I was exhausted. Sarah Annie has some wicked virus that sounds suspiciously like bronchitis. We're sharing it. My throat is sore. I've slept and eaten very little since that dark settled at the week's beginning. We hosted brunch for 18 people Thursday morning. I caught a quick nap putting Sarah to sleep. At dinner, just an hour before the pilgrimage was to begin, Mike said again that he could just take a few children with him (they'd be just fine while he worked) and I could stay home with the little ones.  Michael, looking green around the gills, contemplated staying home as well. Maybe this just wasn't the year to do this big midnight thing.

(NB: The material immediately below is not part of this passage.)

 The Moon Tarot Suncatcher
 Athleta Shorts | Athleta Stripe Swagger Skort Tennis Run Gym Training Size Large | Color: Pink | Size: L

I waffled. Katie cried. She wanted to go and she wanted me with her. Karoline announced she was going. We went. It is an hour's drive to the church. Mike needed to be there 2 1/2 hours early. Mass was two hours. Then it's an hour home in the wee hours of Christmas morning. This trek is a huge commitment. On the way there, I discussed strategy with Christian. We decided that I'd take the little girls and visit all the small chapels before Mass began, then I'd duck out with Sarah Anne and not even attempt to sit through Mass. He'd keep Karoline under his watchful care. Michael would take care of Katie. Paddy would be in charge of the little boys. I would spend Mass sitting quietly with my baby in the lower church. They would be together upstairs in the pew.

From the minute we arrived, Karoline was stuck to me like tenacious tinsel on tree. We went to the large nativity, where just an hour earlier, her Daddy had climbed inside and tenderly moved Joseph (to get  a better shot--but still it touched me somehow that he was worried about Joseph). Been a rough week--doesn't take much to make me cry. At the sight of baby Jesus, Karoline's eyes grew wide. She dropped to her knees.

"Hi, Baby Jesus! It's me. Thank you for all the children in our family. Thank you for making Sarah Annie my little sister. I love you!"

And she was up, leaving the strangers who witnessed the moment with me to wipe their eyes.

It's Christmas.

I decided to try to stay in the upper church for Mass. Karoline wanted to be with me and I wanted her to see the beauty that is Christmas Eve with the Papal Nuncio. She was awed and both little ones were hushed for the candlelit procession. She knew the hymns and sang along. Paddy made sure she didn't catch her hair on fire with the candles. It was a bit stressful. Then the lights came up. And she and Sarah Annie chattered away while they took all the donation envelopes for the rack on the pew and "organized" them. We made it to the Kyrie. And then we walked that very long aisle from our reserved seats in front  to the back of the church. Karoline wasn't leaving me for anything. Now I had them both.

We made our way to the crypt church. I knew I'd hear the music and know when to go back upstairs for communion. Slowly, I walked Karoline around the church, stopping at each mosaic to tell her about the saint depicted there. She spent a long time at the nativity, patting the nearby sheep and begging to touch baby Jesus. We saw St. Elizabeth. And St. Anne holding the Blessed Mother with a book to read. We stopped to say a prayer with St. Joseph. Then, we were at the center of the back of the church. "Jesus is here too, Karoline," I whispered, "really here in the Tabernacle."

"In the gold box?" she asked.

I nodded.

She dropped to her knees. I stood in awed amazement.

Thank you Jesus, for Sarah Annie. And especially thank you for giving me to my mommy. I love you, Jesus! Bye bye.

She was off to look at the next mosaic. I was rooted to the spot right there in front of that Tabernacle where the Baby and the King had just touched the tenderest part of my heart and healed the wounds He knew were there.